Cognitive overload or underload results in a decrease in human performance which may result in fatal incidents while driving. We envision that driver assistive systems which adapt their functionality to the driver’s cognitive state could be a promising approach to reduce road accidents due to human errors. This research attempts to predict variations of cognitive working memory load levels in a natural driving scenario with multiple parallel tasks and to reveal predictive brain areas. We used a modified version of the n-back task to induce five different working memory load levels (from 0-back up to 4-back) forcing the participants to continuously update, memorize, and recall the previous ‘n’ speed sequences and adjust their speed accordingly while they drove for approximately 60 min on a highway with concurrent traffic in a virtual reality driving simulator.
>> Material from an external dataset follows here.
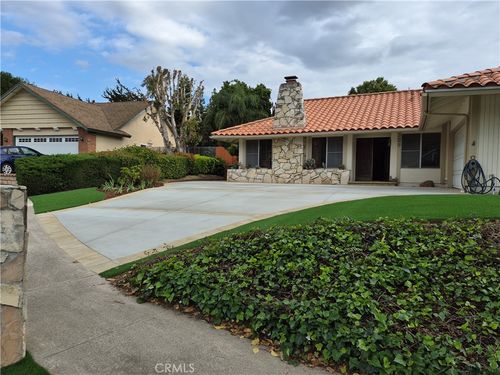 338 Blossom Pl, Brea, CA, 92821-3505 | Card Image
We measured brain activation using multichannel whole head, high density functional near-infrared spectroscopy (fNIRS) and predicted working memory load level from the fNIRS data by combining multivariate lasso regression and cross-validation. This allowed us to predict variations in working memory load in a continuous time-resolved manner with mean Pearson correlations between induced and predicted working memory load over 15 participants of 0.61 [standard error (SE) 0.04] and a maximum of 0.8. Restricting the analysis to prefrontal sensors placed over the forehead reduced the mean correlation to 0.38 (SE 0.04), indicating additional information gained through whole head coverage. Moreover, working memory load predictions derived from peripheral heart rate parameters achieved much lower correlations (mean 0.21, SE 0.1). Importantly, whole head fNIRS sampling revealed increasing brain activation in bilateral inferior frontal and bilateral temporo-occipital brain areas with increasing working memory load levels suggesting that these areas are specifically involved in workload-related processing.

Highlights

  • Operating a car imposes high cognitive demands on the driver because information from the traffic signs, in-vehicle displays, and other traffic participants has to be integrated into a coherent situation representation

  • Data from fifteen participants are reported in the following functional near-infrared spectroscopy (fNIRS) analyses

  • Considering driving behavior, we find significant effects of the n-back condition on the time participants drove at the correct speed [χ2 = 12.02, p < 0.001, approximated r = −0.75, decrease per n-back level: 6.6%, standard error (SE) = 1.5%], the reaction time (χ2 = 4.25, p < 0.05, r = 0.47, increase per n-back level: 0.23 s, SE = 0.10) and the brake variance (χ2 = 7.44, p < 0.01, r = 0.58, increase per n-back level: 0.08, SE = 0.04)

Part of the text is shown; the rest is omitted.